WHAT THE TASK ASKS:
Beginning with the line that holds "3717 Corn Valley" and finishing with the line that holds "Outdoor Christmas Decorations Candyland, Huge", repeat the listing exactly, leaving every picture out.

BEGIN RECORDS TO PROCESS

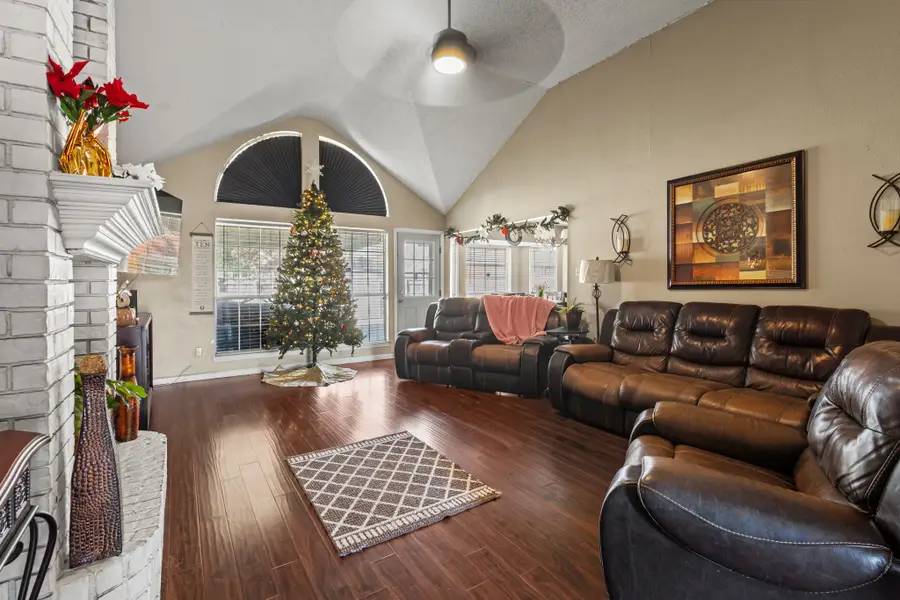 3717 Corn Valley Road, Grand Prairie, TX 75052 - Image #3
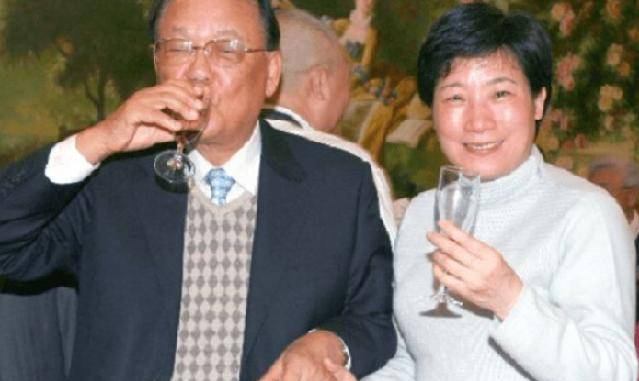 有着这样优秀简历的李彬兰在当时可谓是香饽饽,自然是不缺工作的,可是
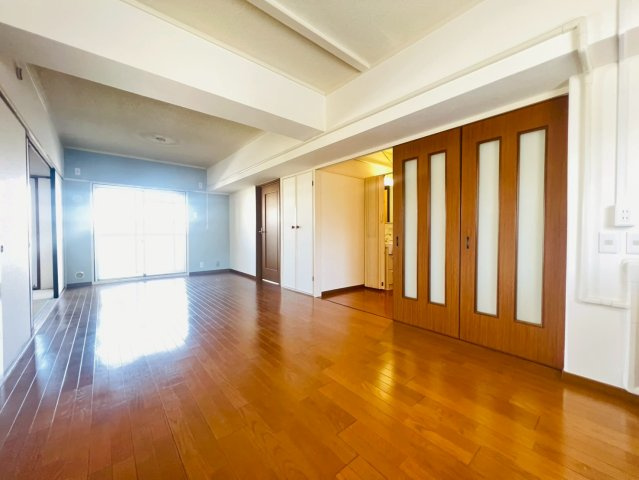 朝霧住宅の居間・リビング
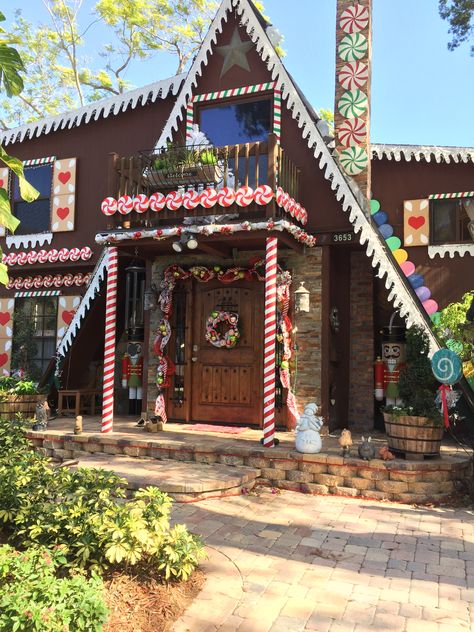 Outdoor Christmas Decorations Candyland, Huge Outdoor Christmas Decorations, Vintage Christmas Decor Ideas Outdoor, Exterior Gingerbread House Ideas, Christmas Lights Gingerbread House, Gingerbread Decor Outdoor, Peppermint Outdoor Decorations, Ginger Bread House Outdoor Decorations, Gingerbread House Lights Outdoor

END RECORDS TO PROCESS
BEGIN RECORDS TO PROCESS

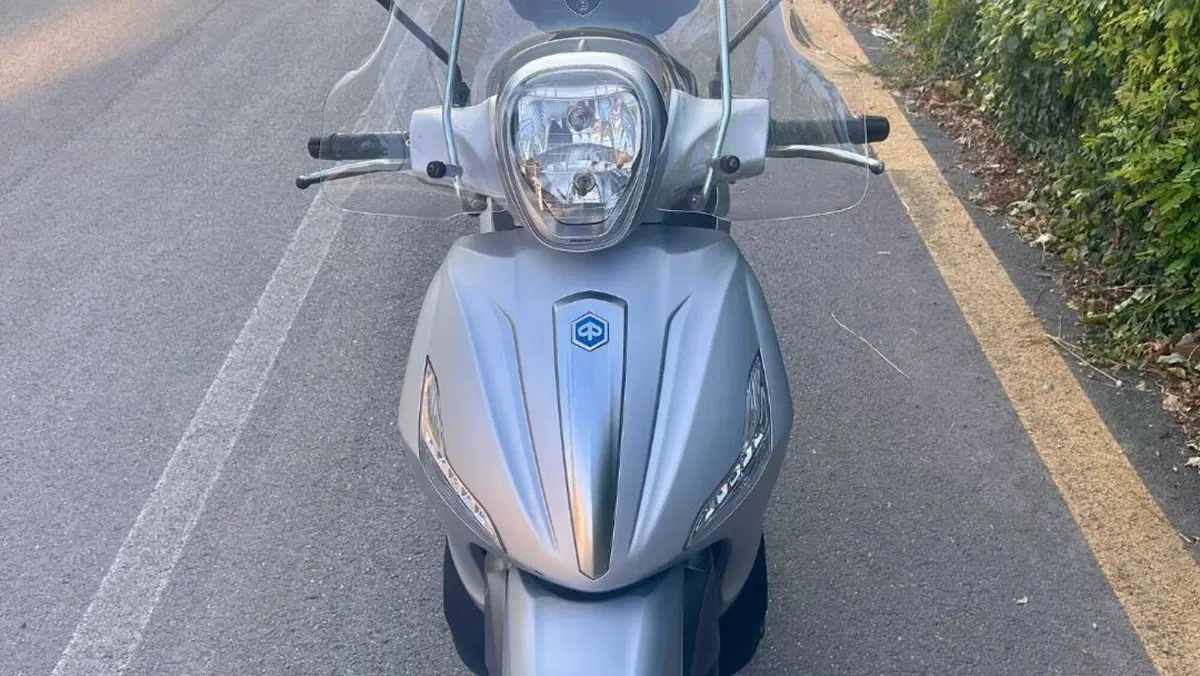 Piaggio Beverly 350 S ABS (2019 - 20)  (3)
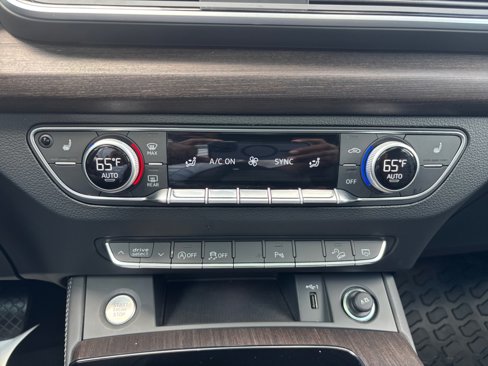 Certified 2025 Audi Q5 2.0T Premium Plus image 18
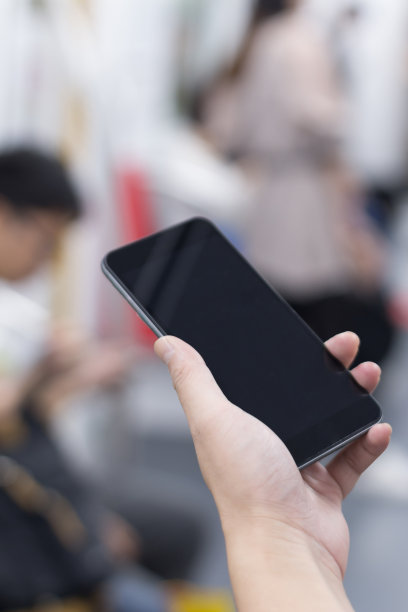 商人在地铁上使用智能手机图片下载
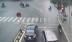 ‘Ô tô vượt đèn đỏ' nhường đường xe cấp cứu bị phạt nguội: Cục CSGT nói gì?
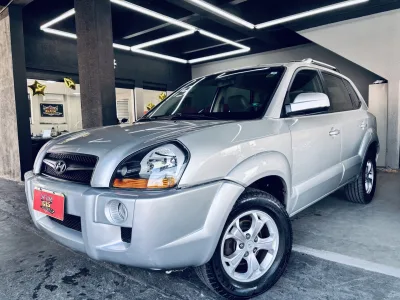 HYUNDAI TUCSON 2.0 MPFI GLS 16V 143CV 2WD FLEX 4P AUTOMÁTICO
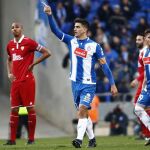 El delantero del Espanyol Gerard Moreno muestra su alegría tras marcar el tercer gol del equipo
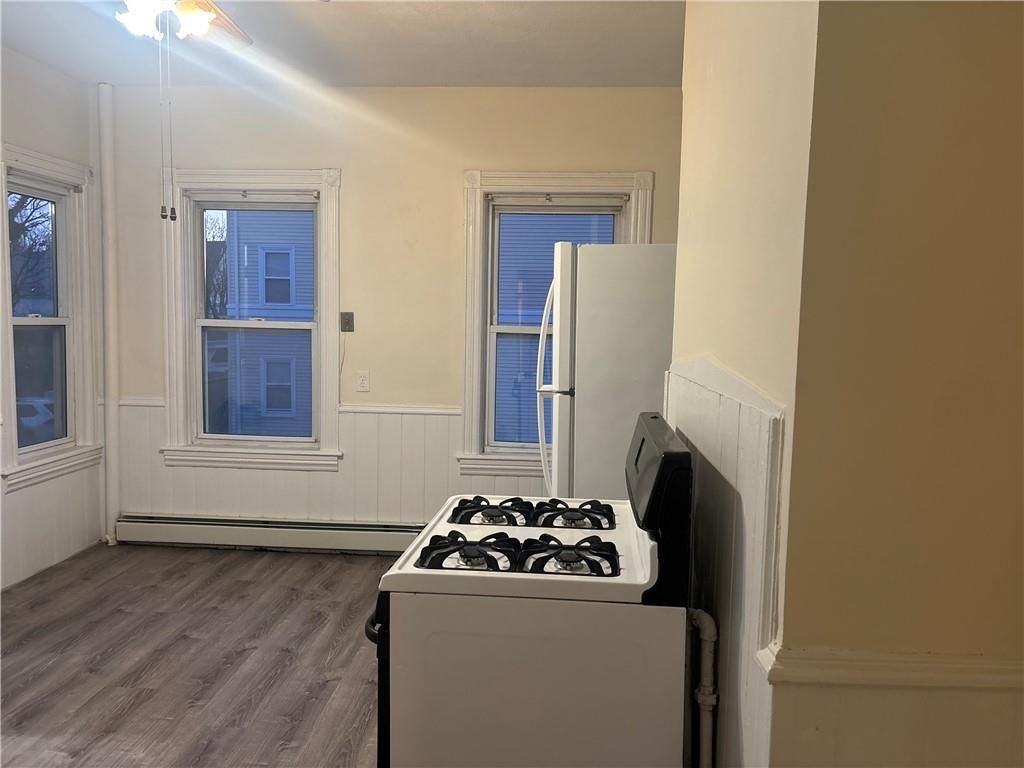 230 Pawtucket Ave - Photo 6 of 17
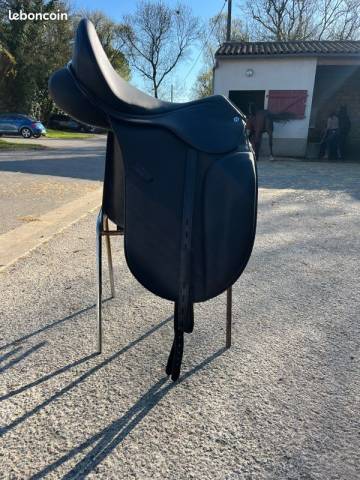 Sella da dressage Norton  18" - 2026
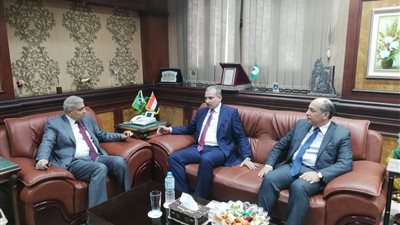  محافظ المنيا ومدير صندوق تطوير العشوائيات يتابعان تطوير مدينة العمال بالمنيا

END RECORDS TO PROCESS

SOLUTION FOR THIS TASK:
 3717 Corn Valley Road, Grand Prairie, TX 75052 - Image #3
 有着这样优秀简历的李彬兰在当时可谓是香饽饽,自然是不缺工作的,可是
 朝霧住宅の居間・リビング
 Outdoor Christmas Decorations Candyland, Huge Outdoor Christmas Decorations, Vintage Christmas Decor Ideas Outdoor, Exterior Gingerbread House Ideas, Christmas Lights Gingerbread House, Gingerbread Decor Outdoor, Peppermint Outdoor Decorations, Ginger Bread House Outdoor Decorations, Gingerbread House Lights Outdoor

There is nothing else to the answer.